Es ist keine drei Wochen her, dass das Management von Praktiker beteuerte, dass die Tochter Max Bahr von der Insolvenz des Baumarkt-Konzerns keineswegs betroffen sei. Jetzt wurde auch die Edelmarke mit in den Abgrund gerissen. Die Geschäftsführung wollte offenbar ein Stückchen Hoffnung erhalten.

Darin offenbart sich für die Berliner verdi-Gewerkschaftssekretärin Janet Dumann aber eher Hilflosigkeit der Konzernverantwortlichen. "Wer die Wirtschaftskreisläufe kennt, für den kommt die Bahr-Insolvenz keinesfalls überraschend", erklärt Dumann, die zurzeit auch Sprecherin für die Lausitz ist. Gegenüber der RUNDSCHAU verweist sie auf jenen Sanierungstarif, mit dem Praktiker- und Bahr-Beschäftigte ihren Anteil geleistet hätten, um das Unternehmen zu retten. Immerhin war dabei auf fünf Prozent vom Jahreseinkommen verzichtet worden.
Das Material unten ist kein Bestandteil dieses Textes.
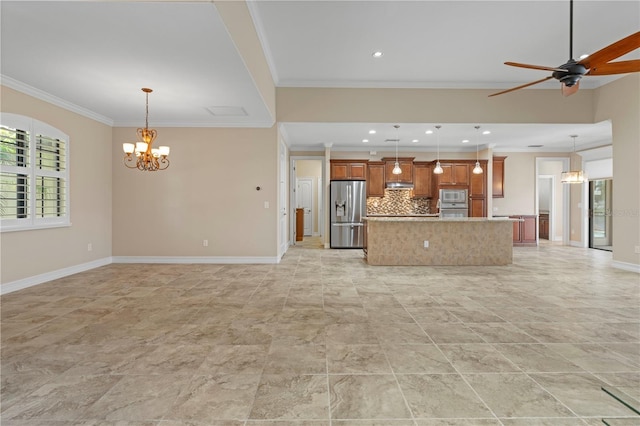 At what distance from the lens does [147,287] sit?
14.2ft

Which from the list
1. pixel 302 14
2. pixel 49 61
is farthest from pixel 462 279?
pixel 49 61

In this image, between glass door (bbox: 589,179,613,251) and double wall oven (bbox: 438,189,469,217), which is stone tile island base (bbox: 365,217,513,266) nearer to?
double wall oven (bbox: 438,189,469,217)

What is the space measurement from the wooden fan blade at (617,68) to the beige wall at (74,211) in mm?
6696

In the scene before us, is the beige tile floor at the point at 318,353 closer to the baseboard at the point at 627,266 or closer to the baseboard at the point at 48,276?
the baseboard at the point at 48,276

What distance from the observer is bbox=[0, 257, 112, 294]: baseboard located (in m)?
4.12

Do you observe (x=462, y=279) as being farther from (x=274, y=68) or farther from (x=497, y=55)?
(x=274, y=68)

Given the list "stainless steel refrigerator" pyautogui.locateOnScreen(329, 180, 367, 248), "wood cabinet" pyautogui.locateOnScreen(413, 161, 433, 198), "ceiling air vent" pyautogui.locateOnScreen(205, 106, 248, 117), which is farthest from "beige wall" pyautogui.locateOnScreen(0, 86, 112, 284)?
"wood cabinet" pyautogui.locateOnScreen(413, 161, 433, 198)

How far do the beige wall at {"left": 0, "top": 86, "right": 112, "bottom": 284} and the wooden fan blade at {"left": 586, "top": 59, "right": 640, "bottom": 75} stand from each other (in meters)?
6.70

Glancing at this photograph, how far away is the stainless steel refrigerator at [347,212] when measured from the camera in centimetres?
844

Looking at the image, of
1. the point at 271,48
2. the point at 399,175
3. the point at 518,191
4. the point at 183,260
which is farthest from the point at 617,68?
the point at 518,191

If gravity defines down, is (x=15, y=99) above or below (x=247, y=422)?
above

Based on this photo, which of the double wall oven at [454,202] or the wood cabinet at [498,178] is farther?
the wood cabinet at [498,178]

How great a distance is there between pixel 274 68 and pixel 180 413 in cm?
505

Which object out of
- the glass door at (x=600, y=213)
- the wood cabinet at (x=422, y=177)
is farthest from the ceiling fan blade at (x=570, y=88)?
the glass door at (x=600, y=213) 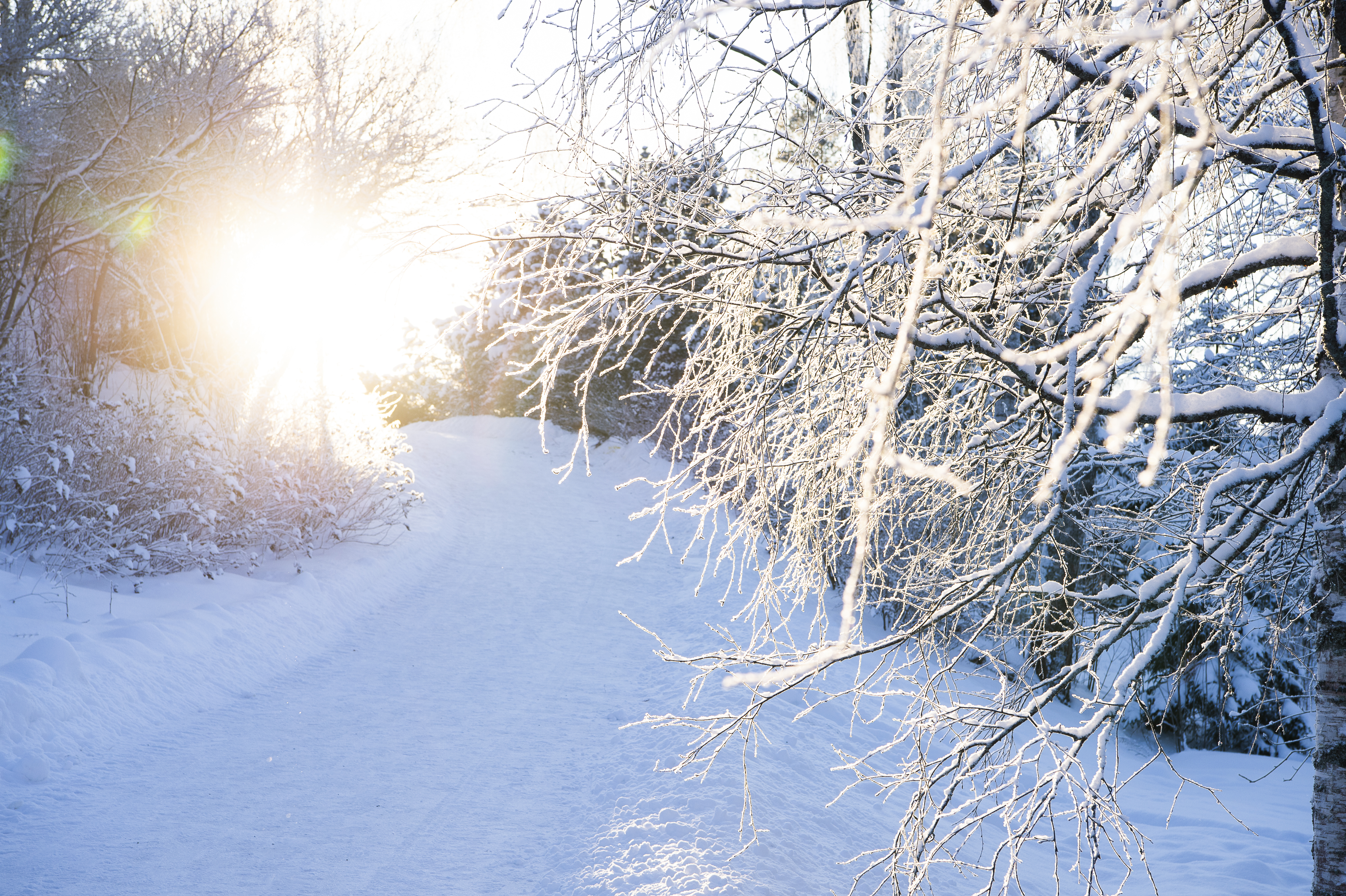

In der Lausitz sind nun neben den rund 400 Arbeitnehmern bei Praktiker auch 75 Bahr-Mitarbeiter von der Insolvenz betroffen. Sie arbeiten im einzigen Lausitzer Markt in Cottbus. Dass Max Bahr einst zum rettenden Hafen für zumindest einige Praktiker-Märkte auserkoren wurde, lässt sich an den Versprechungen gegenüber den Beschäftigten in Bautzen-Jenkwitz und Zittau ableiten. Die schon im Frühjahr angekündigte Umwandlung ist allerdings nie vollzogen worden. Für die Einzelhandelsexpertin Janet Dumann ein Zeichen dafür, dass die Geschäftsführung offenbar viel zu spät gehandelt habe.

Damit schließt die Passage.